[Excerpts from a dataset]

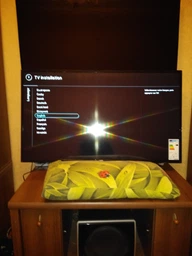 Телевізор Philips 32PFS5803/12 фото від покупців 1
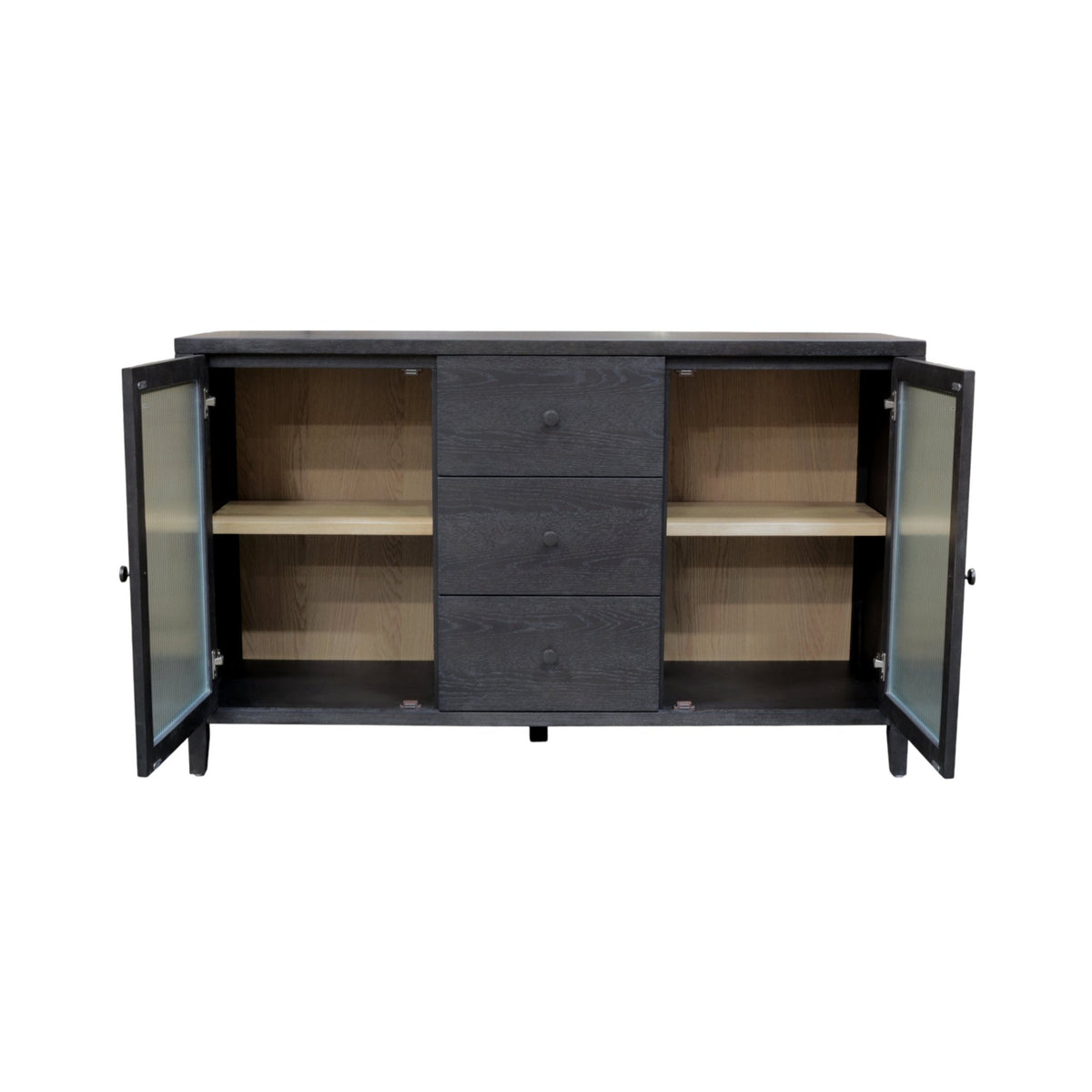 Oscar Sideboard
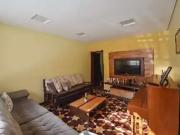 Casa / Sobrado para Venda em São Bernardo do Campo/SP...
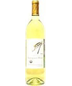 2022 Frey Vineyard Ltd. - Sauvignon Blanc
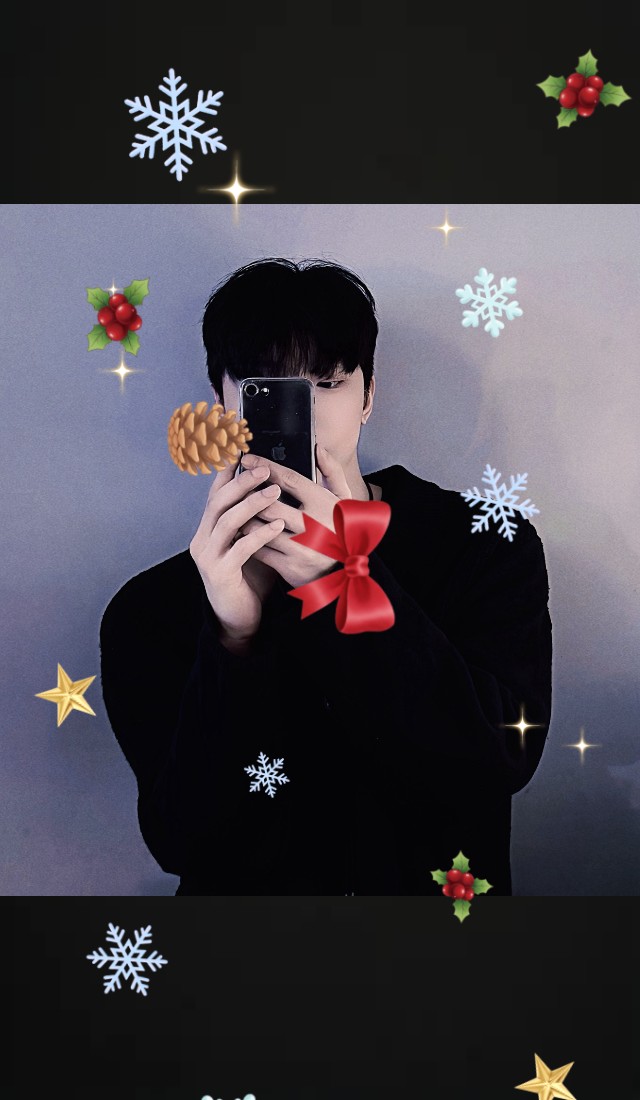 편안할거에요 🌙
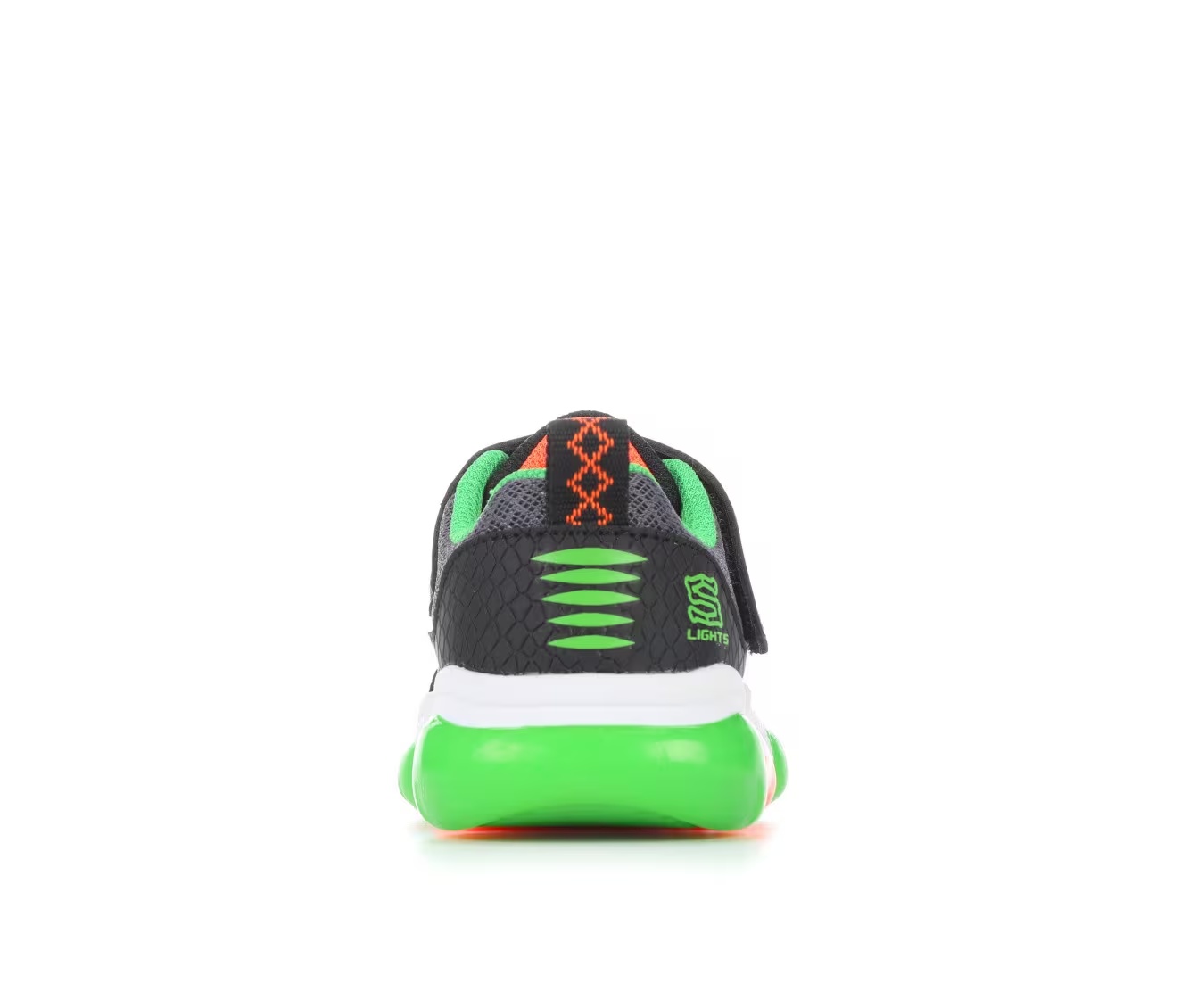 187306-boys-x27-skechers-toddler-mighty-glow-2-0-skech-o-saurus-light-up-shoes-1.jpg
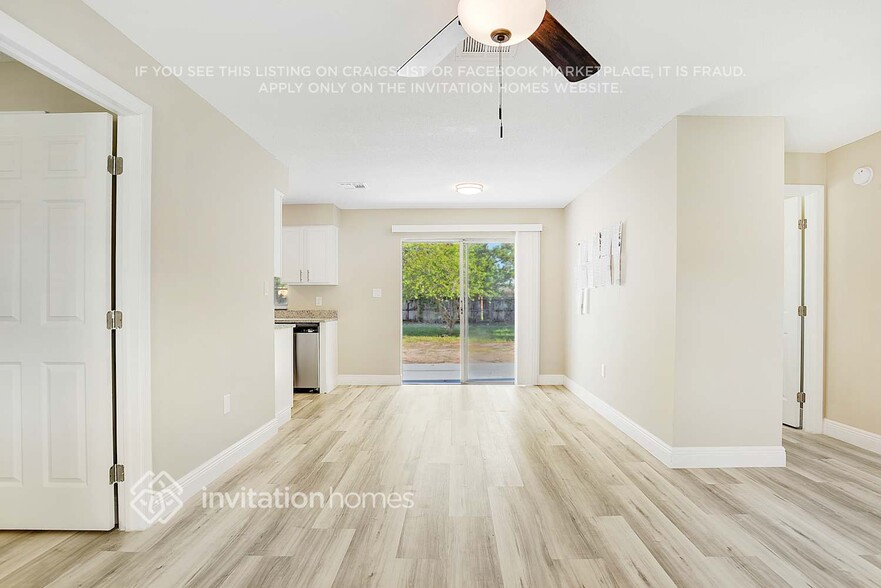 Building Photo - 3213 Sutton Dr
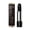 B, variant on B Hair Color Touch Up Stick For Covering Gray Hair Fast Staining 4G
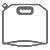 Liquid Bag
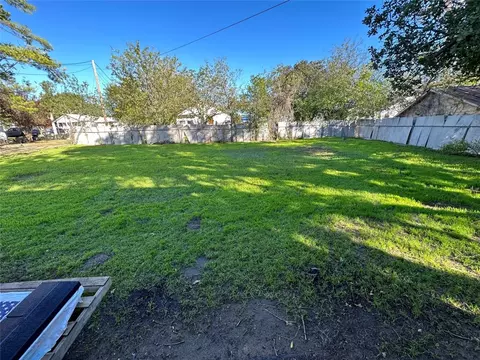 800 E Highland Ave # B, Comanche, TX 76442 photo 24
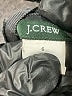 J.Crew Tweed Gray Wool Skirt Size 6 - photo 5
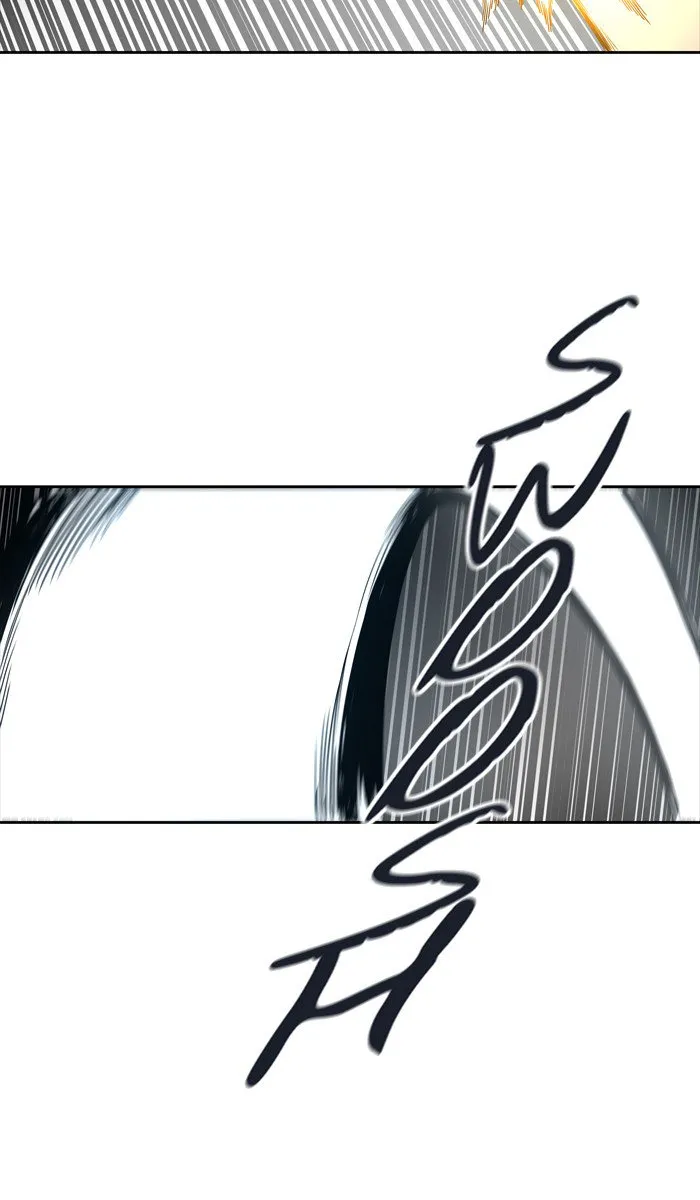 Tower of God Chapter 436 Online - página 97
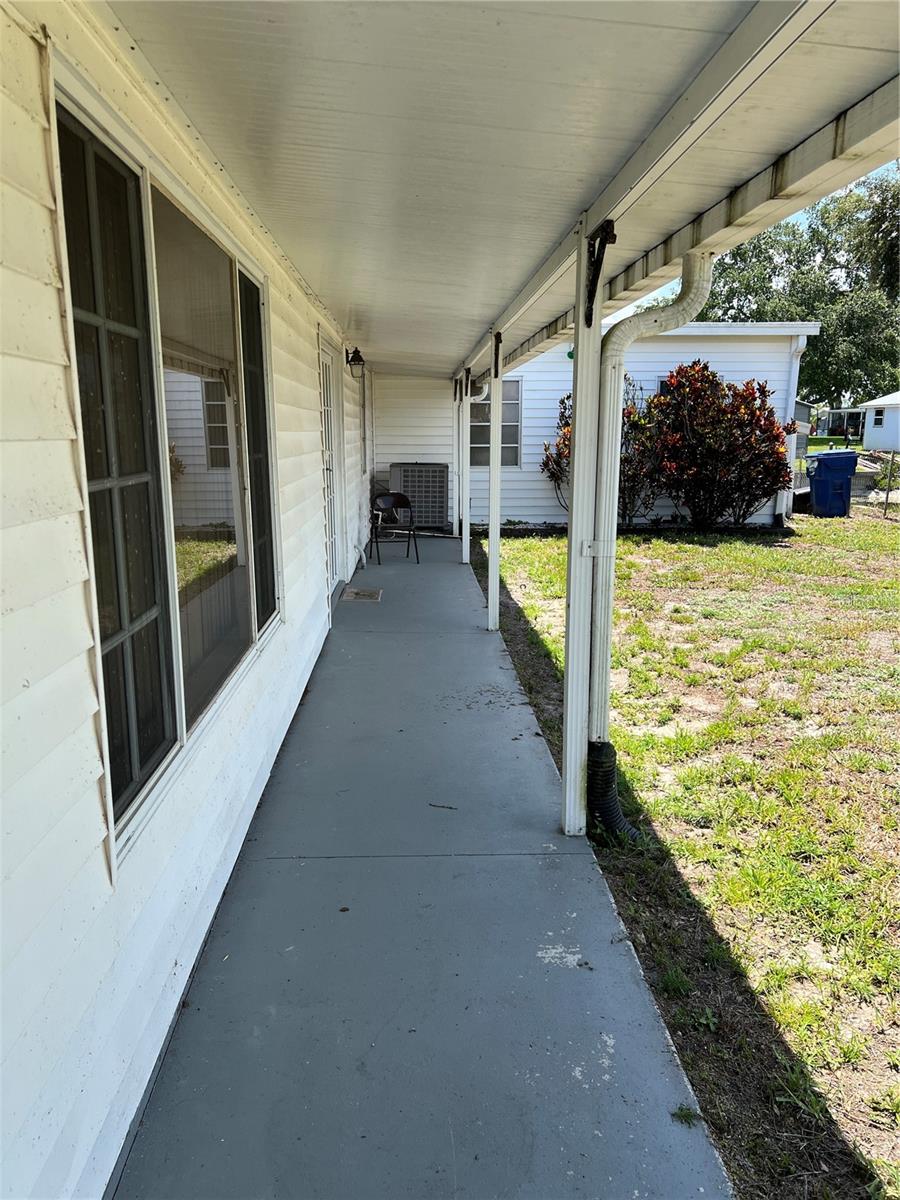 Image 25 of 28 For 1096 8th Street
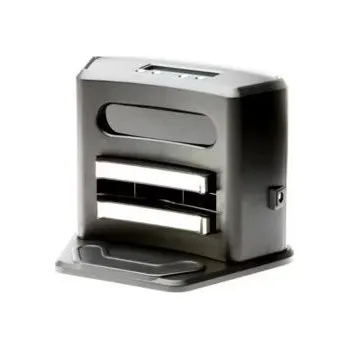 Dokovací stanice CP0116/01 Philips SmartPro Compact pro Philips FC 8812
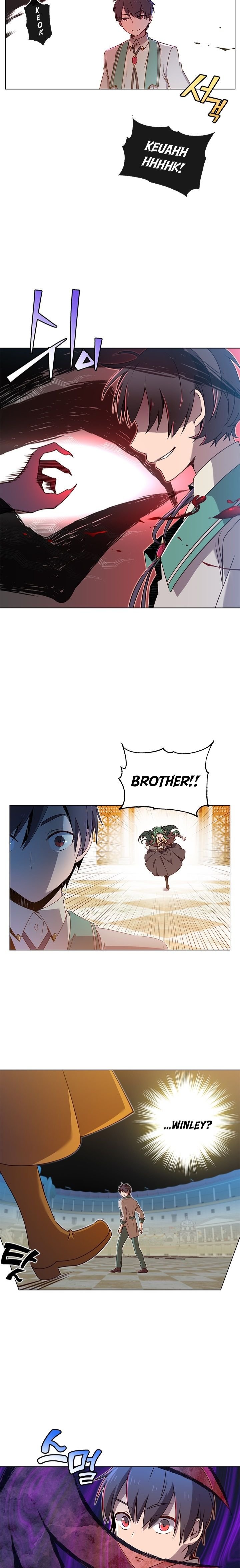 Page 13 of Chapter 20
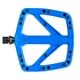 PNW Components - Range Composite Pedals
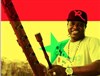 Noumoucounda Cissoko - 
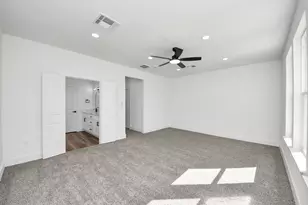 22 Presidio, Montgomery, TX 77356 - Photo 25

*Work order*:
Exclude all pictures and reproduce exactly the lines from the one containing "2022 Frey Vineyard Ltd. - Sauvignon Blanc" through the final line of the entries above.

*Answer box*:
 2022 Frey Vineyard Ltd. - Sauvignon Blanc
 편안할거에요 🌙
 187306-boys-x27-skechers-toddler-mighty-glow-2-0-skech-o-saurus-light-up-shoes-1.jpg
 Building Photo - 3213 Sutton Dr
 B, variant on B Hair Color Touch Up Stick For Covering Gray Hair Fast Staining 4G
 Liquid Bag
 800 E Highland Ave # B, Comanche, TX 76442 photo 24
 J.Crew Tweed Gray Wool Skirt Size 6 - photo 5
 Tower of God Chapter 436 Online - página 97
 Image 25 of 28 For 1096 8th Street
 Dokovací stanice CP0116/01 Philips SmartPro Compact pro Philips FC 8812
 Page 13 of Chapter 20
 PNW Components - Range Composite Pedals
 Noumoucounda Cissoko - 
 22 Presidio, Montgomery, TX 77356 - Photo 25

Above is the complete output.